**Task objective**.
An exact copy of all the lines below is required, with every image left out.

-------- Dataset records --------

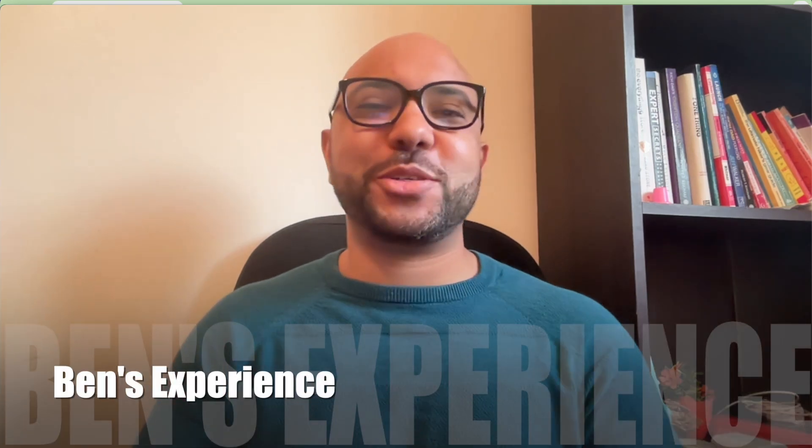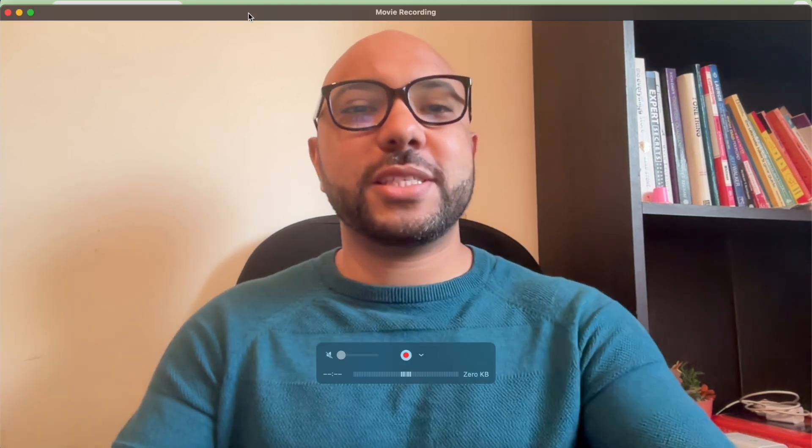Hey everyone, welcome to Ben's Experience. In this video I will show you how to contact Hostinger customer support.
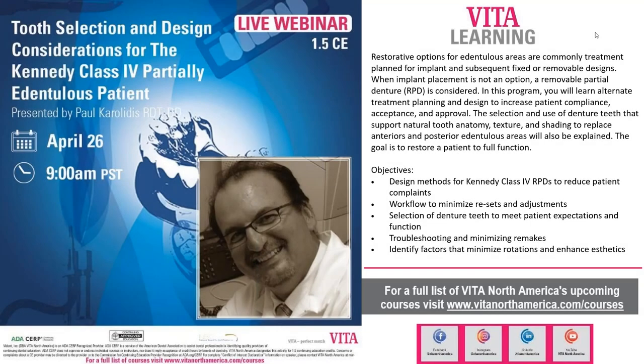Welcome everyone to another VITA Learning Webinar. Today we have Paul Karolaitis, who's going to talk about partial dentures — how to design them, how to make them work for the patient, and the best practices of today. Looking forward to seeing your presentation, Paul.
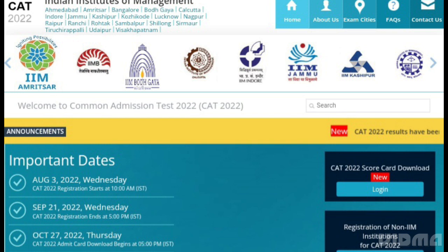What is your result on December 21st? IIM and other MBA colleges will release the CAT cutoff 2022, and based on the cutoff, candidates will be shortlisted for the admission round.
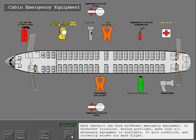Each operator can have different emergency equipment in different locations. During preflight make sure all necessary equipment is available in good condition and correctly stowed for each flight.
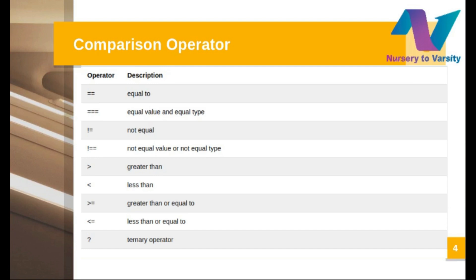What is the ternary operator? In the ternary operator, we have a question mark as well as a colon. It works similarly to if and else. If you have studied if-else in C or any other programming language, you will understand what the ternary operator means. Whenever we write a condition in the if part and that condition is true, we pass one value; if the other condition is true, we pass the second value. We will revisit the ternary operator when we cover if-else.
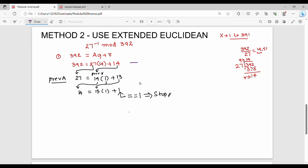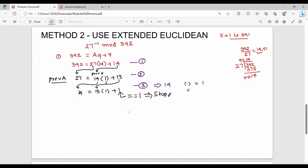Now I have three equations. I am going to rearrange the third equation. Starting from equation 3: 1 = 14 − 13×1. Rearranging with negative sign gives 14 minus 13 into 1 on the right-hand side.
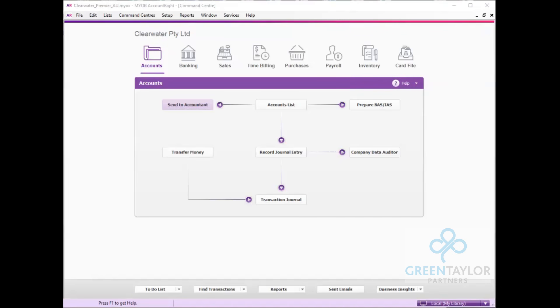Hi and welcome to this video by Greentailer Partners on setting up the new JobKeeper payments in MYOB AccountRight. Today we're using MYOB AccountRight live premier version to illustrate how to set this up.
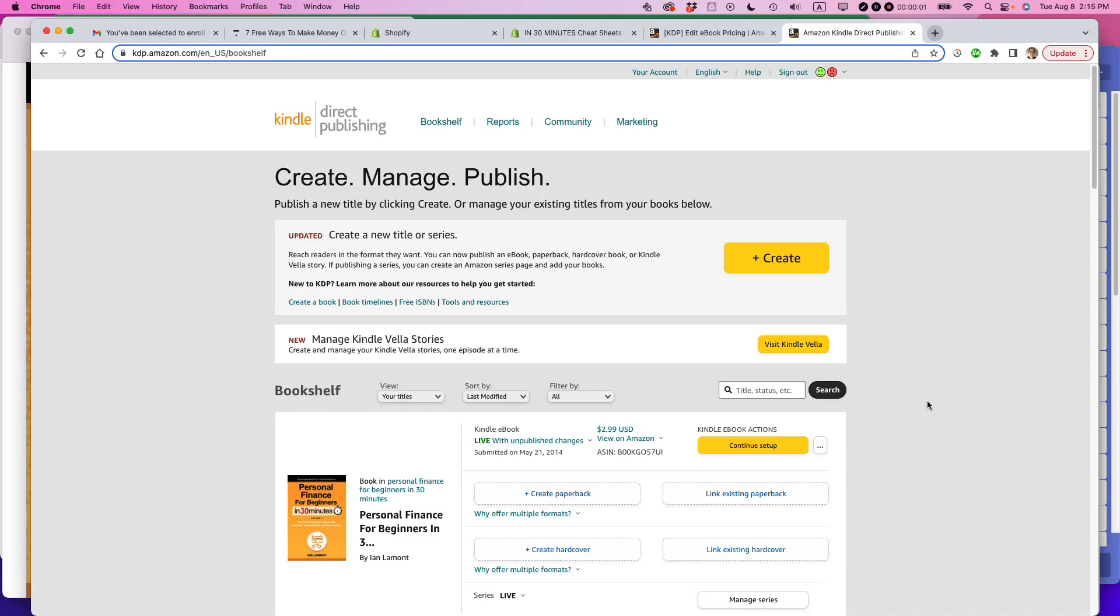This is Ian from Lean Media. Today I'm going to show you how to change the price for your Amazon KDP Kindle book. If this video helps, please take a moment to like it and follow me. Let's get started.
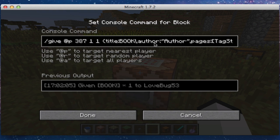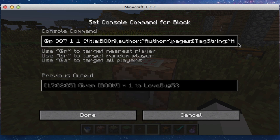Make sure you have a comma, then put 'author' — no caps — colon, and make sure there's quotations, and then you can have your author name, it can be whatever you want. Another comma, then put 'pages' — again, no caps — colon, and this is where you want to do a square bracket. Then — something I did not know until just recently — do 'tag string,' making sure the T is capitalized and the S is capitalized, but nothing else.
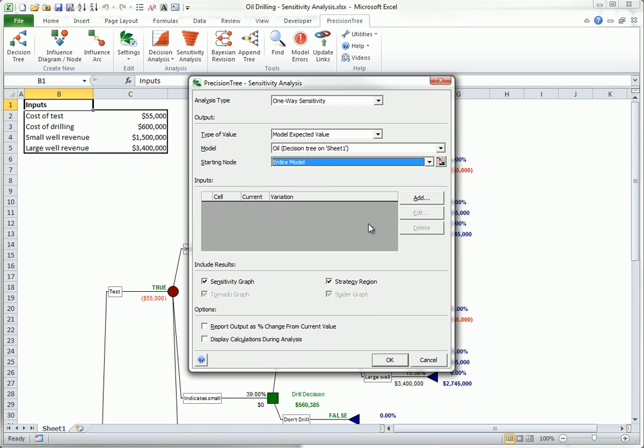Third, in the input section, you can specify one or more inputs to vary, and PrecisionTree provides several options for varying these inputs. Fourth, the Include Results section lets you check the graphs you want to generate. And finally, the Options section is straightforward, and you can experiment with the two available options.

--------

**Answer to the problem**.
Hey everyone, welcome to Ben's Experience. In this video I will show you how to contact Hostinger customer support.
Welcome everyone to another VITA Learning Webinar. Today we have Paul Karolaitis, who's going to talk about partial dentures — how to design them, how to make them work for the patient, and the best practices of today. Looking forward to seeing your presentation, Paul.
What is your result on December 21st? IIM and other MBA colleges will release the CAT cutoff 2022, and based on the cutoff, candidates will be shortlisted for the admission round.
Each operator can have different emergency equipment in different locations. During preflight make sure all necessary equipment is available in good condition and correctly stowed for each flight.
What is the ternary operator? In the ternary operator, we have a question mark as well as a colon. It works similarly to if and else. If you have studied if-else in C or any other programming language, you will understand what the ternary operator means. Whenever we write a condition in the if part and that condition is true, we pass one value; if the other condition is true, we pass the second value. We will revisit the ternary operator when we cover if-else.
Now I have three equations. I am going to rearrange the third equation. Starting from equation 3: 1 = 14 − 13×1. Rearranging with negative sign gives 14 minus 13 into 1 on the right-hand side.
Hi and welcome to this video by Greentailer Partners on setting up the new JobKeeper payments in MYOB AccountRight. Today we're using MYOB AccountRight live premier version to illustrate how to set this up.
This is Ian from Lean Media. Today I'm going to show you how to change the price for your Amazon KDP Kindle book. If this video helps, please take a moment to like it and follow me. Let's get started.
Make sure you have a comma, then put 'author' — no caps — colon, and make sure there's quotations, and then you can have your author name, it can be whatever you want. Another comma, then put 'pages' — again, no caps — colon, and this is where you want to do a square bracket. Then — something I did not know until just recently — do 'tag string,' making sure the T is capitalized and the S is capitalized, but nothing else.
Third, in the input section, you can specify one or more inputs to vary, and PrecisionTree provides several options for varying these inputs. Fourth, the Include Results section lets you check the graphs you want to generate. And finally, the Options section is straightforward, and you can experiment with the two available options.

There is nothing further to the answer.